Your assignment — Down to the last line below, repeat the entries word for word and drop the pictures.
--- Material shown ---
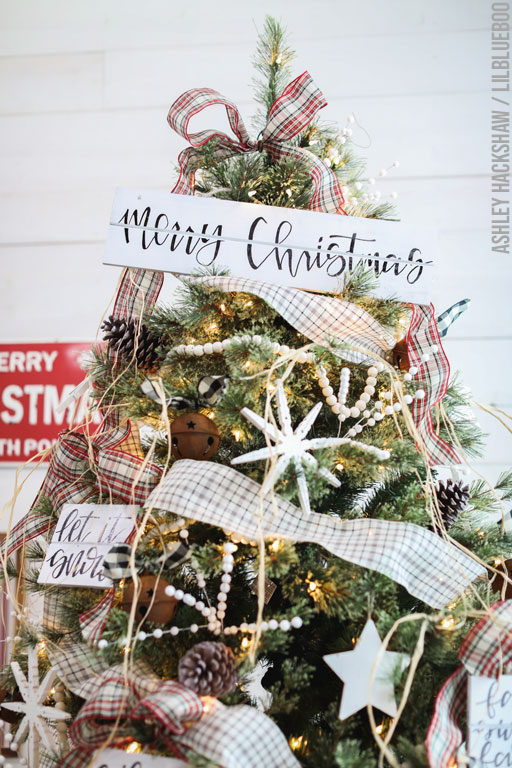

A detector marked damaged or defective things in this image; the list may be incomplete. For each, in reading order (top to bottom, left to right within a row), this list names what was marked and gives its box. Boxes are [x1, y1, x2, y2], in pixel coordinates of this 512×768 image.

rusty jingle bell [171, 412, 219, 460]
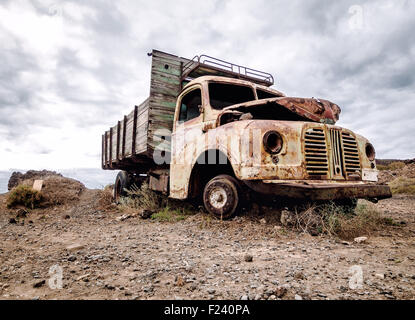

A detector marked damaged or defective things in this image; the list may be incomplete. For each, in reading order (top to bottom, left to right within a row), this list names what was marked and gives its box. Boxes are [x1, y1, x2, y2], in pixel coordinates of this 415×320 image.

abandoned truck [101, 50, 394, 219]
rusty truck [101, 50, 394, 219]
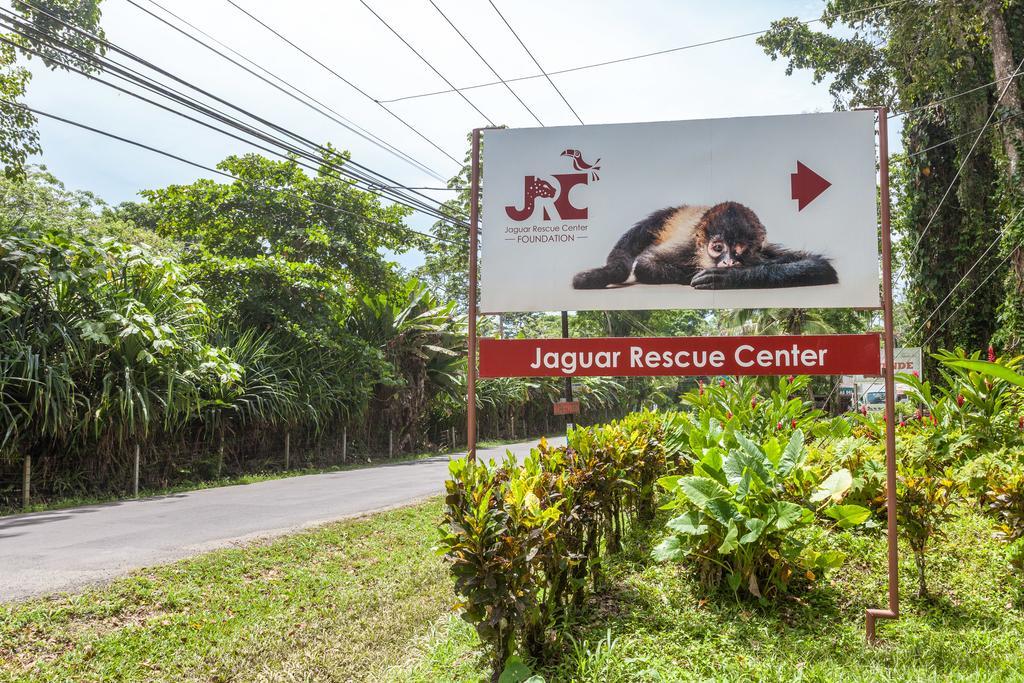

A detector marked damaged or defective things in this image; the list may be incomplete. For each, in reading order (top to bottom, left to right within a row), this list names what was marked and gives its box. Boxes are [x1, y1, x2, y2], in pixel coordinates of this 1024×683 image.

rusty metal post [868, 104, 901, 643]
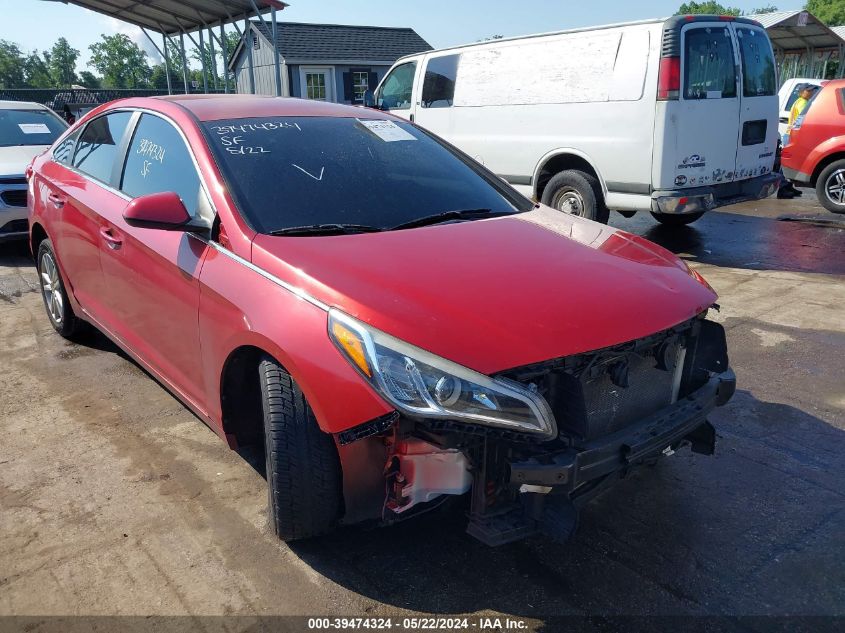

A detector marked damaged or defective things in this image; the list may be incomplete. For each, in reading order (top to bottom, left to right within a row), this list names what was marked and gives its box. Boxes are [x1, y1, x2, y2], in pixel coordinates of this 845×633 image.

damaged red sedan [28, 96, 732, 544]
broken headlight assembly [326, 308, 556, 440]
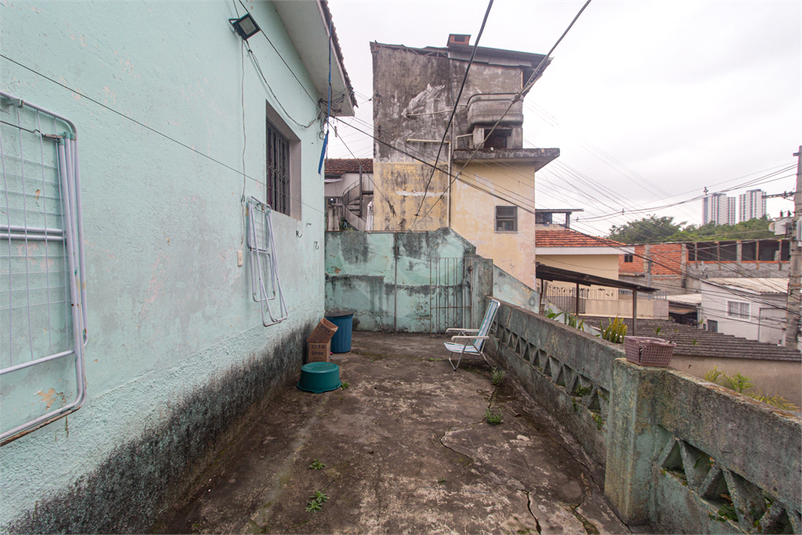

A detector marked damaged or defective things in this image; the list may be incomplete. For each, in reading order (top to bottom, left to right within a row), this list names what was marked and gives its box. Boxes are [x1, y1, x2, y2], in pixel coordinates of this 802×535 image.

rusty metal gate [428, 256, 472, 336]
cracked concrete floor [153, 332, 632, 532]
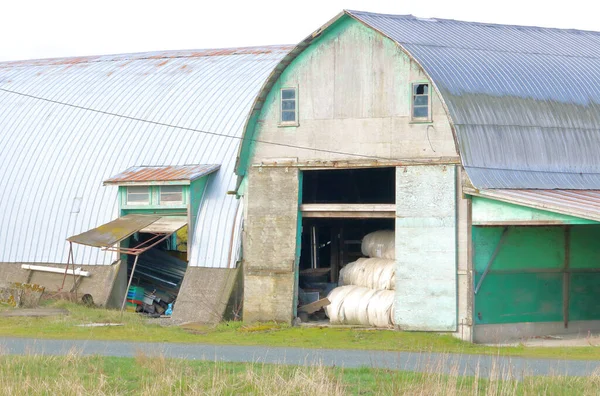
---
Exercise solution —
A detector marked damaged or defective things in this image; the list may be incomplete. For each, in reading order (top to bottom, left to right within a row), this list names what was marked and gives its box. Boxes are [x1, y1, x2, y2], in pixel coordinates of this 512×768 image.

rusty jingle bell [171, 412, 219, 460]

A detector marked damaged or defective things in this image; the list may be incomplete. For each, in reading order (top to bottom, left to right within a row), this list names what was marked and gives its box. Boxes are [x1, y1, x2, y2], in pixel coordinates of this 415×320 image.

abandoned truck [101, 50, 394, 219]
rusty truck [101, 50, 394, 219]

A detector marked damaged or defective things in this image; the list may be incomplete. For each, in reading order (top to bottom, left to right within a row), this list names what was marked and gives its box. Boxes are [x1, y1, x2, y2], in pixel coordinates of this 1024×683 image.

rusty metal post [868, 104, 901, 643]

A detector marked damaged or defective things in this image; the list may be incomplete. For each, in reading order (top to bottom, left to right within a row), this list names what was marked and gives its box. Boxes are [x1, y1, x2, y2], in pixel coordinates of this 845×633 image.

damaged red sedan [28, 96, 732, 544]
broken headlight assembly [326, 308, 556, 440]

A detector marked damaged or defective things in this image; the list may be incomplete. For each, in reading order (top to bottom, left to right within a row), this list names what was marked and gives its box. Boxes are [x1, y1, x2, y2], in pixel coordinates of this 802×535 image.

rusty metal gate [428, 256, 472, 336]
cracked concrete floor [153, 332, 632, 532]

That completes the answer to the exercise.